Recently, the Nobel Prize-winning economist Paul Krugman published a column critical of Amazon, further fanning the flames over Amazon’s tactics in dealing with its suppliers, including the furor over the current Hachette-Amazon conflict.
Amazon’s actions, however, don’t appear to be confined to just the United States. More than 1,000 authors from Germany, Austria and Switzerland have signed a similar open letter to Amazon which accuses Amazon of improper tactics in setting e‐book prices with Bonnier AB, a German publishing trade group. Last June, Bonnier filed a complaint with German authorities stating Amazon delayed delivery of its books to force Bonnier to accept lower prices for ebooks.

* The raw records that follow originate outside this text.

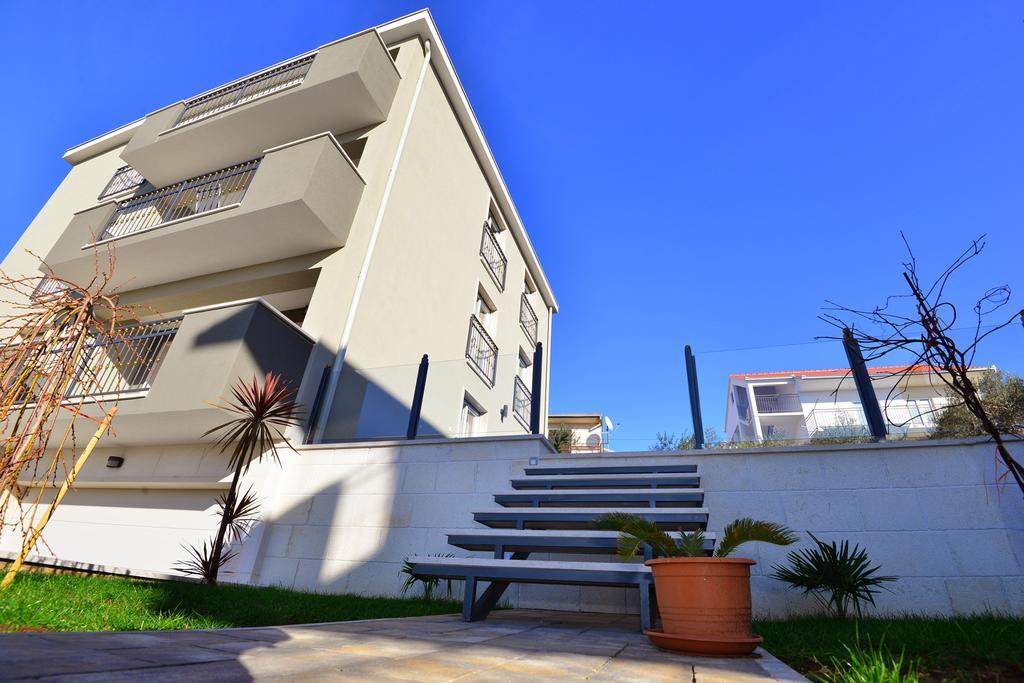 טרוגיר Apartments Villa Coratina מראה חיצוני תמונה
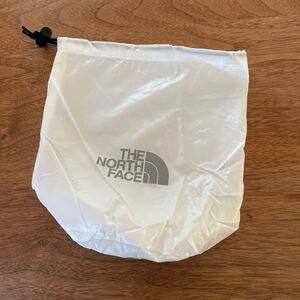 E 黒ひも M 未使用 ノースフェイス THE NORTH FACE スタッフバッグ 巾着 登山 袋 ホワイト 巾着袋 付属 コンパクト 軽量 リップ素材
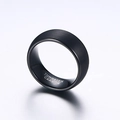 Nahaufnahme eines mattschwarzen Wolframkarbid-Rings mit gebürsteter Oberfläche - Größe 6 / Schwarz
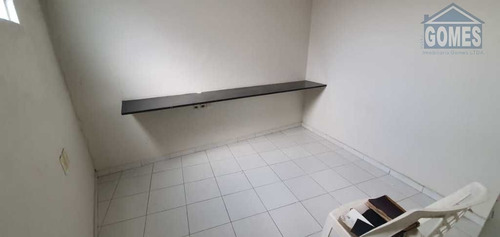 Imagem 7 de 14 de Casa Com Piscina - 37851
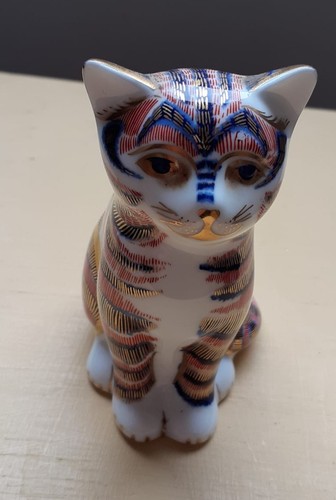 Royal crown derby - imari, kitten
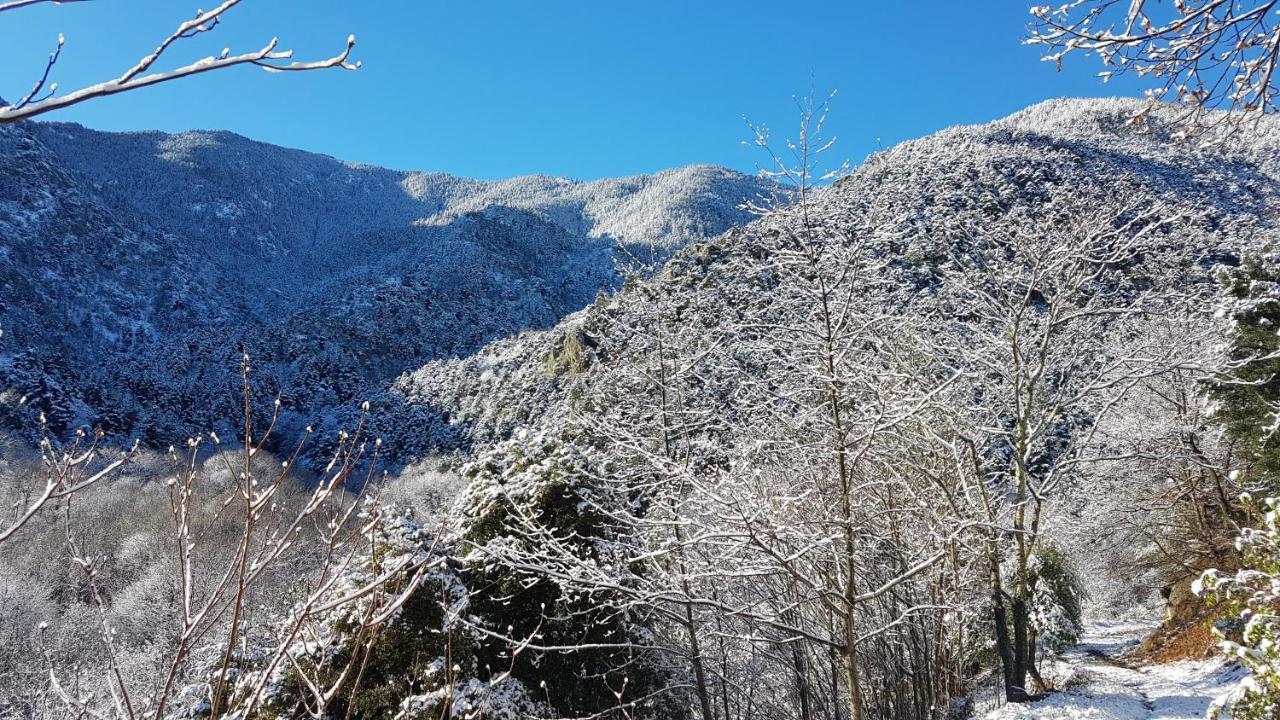 Camping Le P'Tit Bonheur Escaro Dış mekan fotoğraf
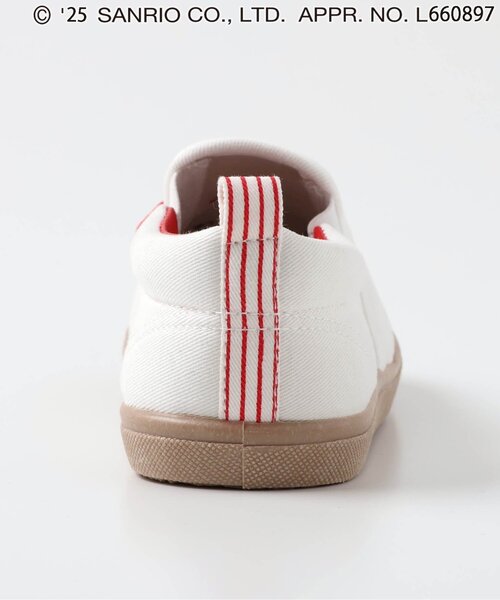 산리오 키즈 신발 일본 SANRIO 운동화 헬로키티 디자인 슬립온 2컬러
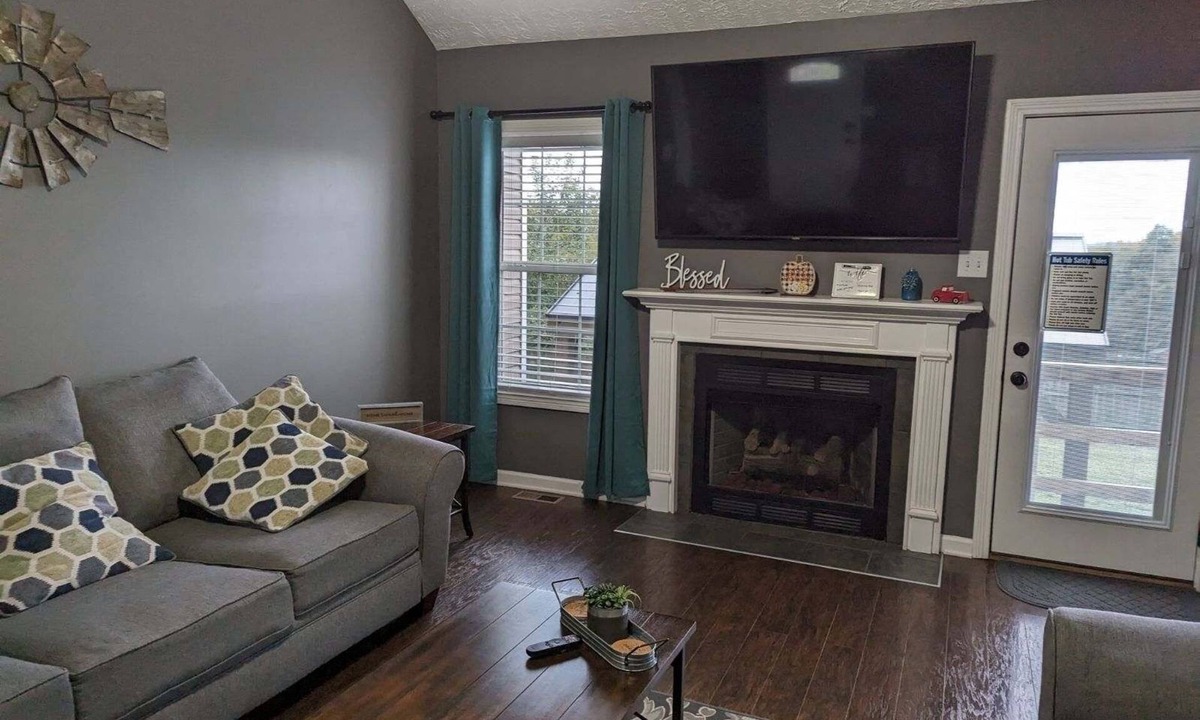 Montgomery County House | Country Escape with Jacuzzi & Private Yard in Southside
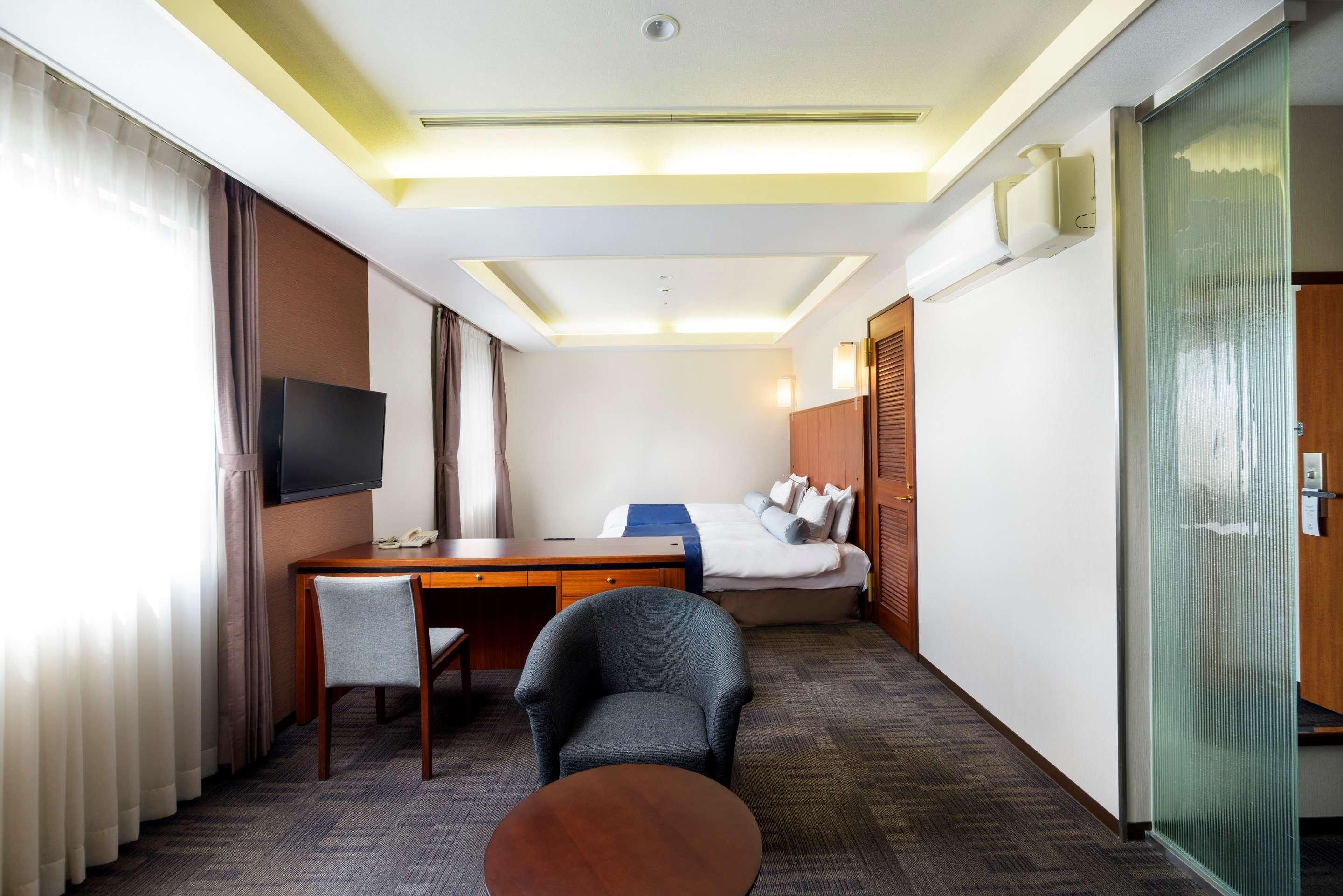 Surestay Plus Hotel By Best Western Shin-Осака Екстериор снимка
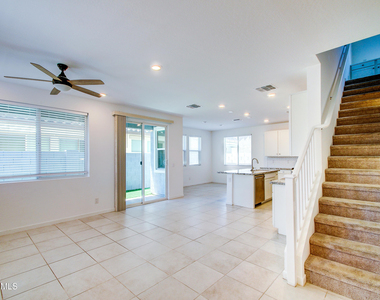9902 E Tamery Avenue - Photo Thumbnail 3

The issue of buyer control of suppliers, i.e., monopsony, isn’t all that new, although the height of the controversy is and there are legal texts on the subject dating back more than twenty years. In a more recent 2008 article in the Utah Law Review [“Predatory Buying and the Antitrust Laws”], Roger D. Blair and John E. Lopatka summarized the issue just raised again by Amazon’s efforts to force Hachette to lower ebook prices below ten dollars:
“The fact that an increase in monopsony power may have little impact on consumers does not mitigate the antitrust concern, because the negative impact on sellers by itself warrants equal antitrust concern, a point oddly unacknowledged by the Supreme Court in its Weyerhauser decision. Just as monopsony and monopoly are economically symmetrical, predatory buying and predatory pricing are legally symmetrical…”
Or as several other legal scholars have pointed out, an illegally obtained monopsony might well violate U.S. antitrust law, but, to date, no U.S. court has ever found a single company guilty of an illegal monopsony. Or put more bluntly, so far, the U.S. legal system and the Department of Justice seem to believe that any action resulting in lower prices for consumers is socially beneficial, regardless of how those prices are obtained, and what economic damage is wreaked on the suppliers and producers.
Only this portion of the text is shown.